[Top][All Lists]

[Date Prev][Date Next][Thread Prev][Thread Next][Date Index][Thread Index]

[avr-gcc-list] Re: FW: memcpy() : problem when passing destination point

From: David Brown
Subject: [avr-gcc-list] Re: FW: memcpy() : problem when passing destination pointer
Date: Thu, 12 Feb 2009 20:54:16 +0100
User-agent: Thunderbird (Windows/20081209)

Michael wrote:

In both of these cases, "volatile" is insufficient because it does
imply "atomic". In the first case, you need an atomic

read-modify-write, and in the second you need an atomic read of a
value. In both cases you can achieve that by enclosing the the
access in a cli-sei pair. For example, the latter case can be fixed
changing the routine to something like

main() // or "int main(void)", yada yada


uint32_t ms; // does not need to be volatile

do{ cli(); ms = Milliseconds; sei(); } while (ms < SOME_LIMIT);


No, you can not. You need the macros in util/atomic.h because cli /
are not memory barriers and accesses to variables done inside a pair

like that can be moved out by the compiler.

Just search the archives for previous discussions and examples...

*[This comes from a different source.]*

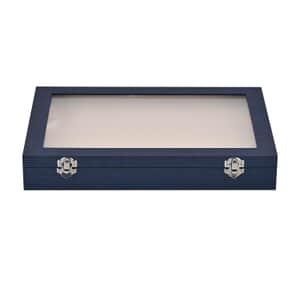 Navy Leatherette Anti Tarnish Lining Ring and Earring Box , Portable Jewelry Box for Women , Briefcase Style Jewelry Box , Jewelry Holder , Jewelry Storage , Jewelry Organizer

Could a pair disabling a specific interrupt (rather than global
interrupts) also be susceptible to the compiler re-ordering it outside
the pair?
For instance, in this example I read a structure modified by a timer
ISR: ETIMSK &= ˜_BV(OCIE3A); memcpy(&tryconnect,&rtc,sizeof(struct datetime)); ETIMSK |= _BV(OCIE3A);

That will be safe (assuming the memcpy call accesses volatile data, or uses an external function call). The compiler will keep volatile accesses in order with each other, but may re-order non-volatile accesses or instructions around the volatile accesses. The sei() and cli() macros expand to a single assembly instruction, which does not involve a volatile memory access - therefore the compiler can re-order around them. The atomic.h macros include a "__asm__ volatile ("" ::: "memory")" memory barrier, which generates no code but counts as a volatile memory access, thus forcing an order on the accesses. Your specific interrupt disable is also a volatile access, so the code should be safe.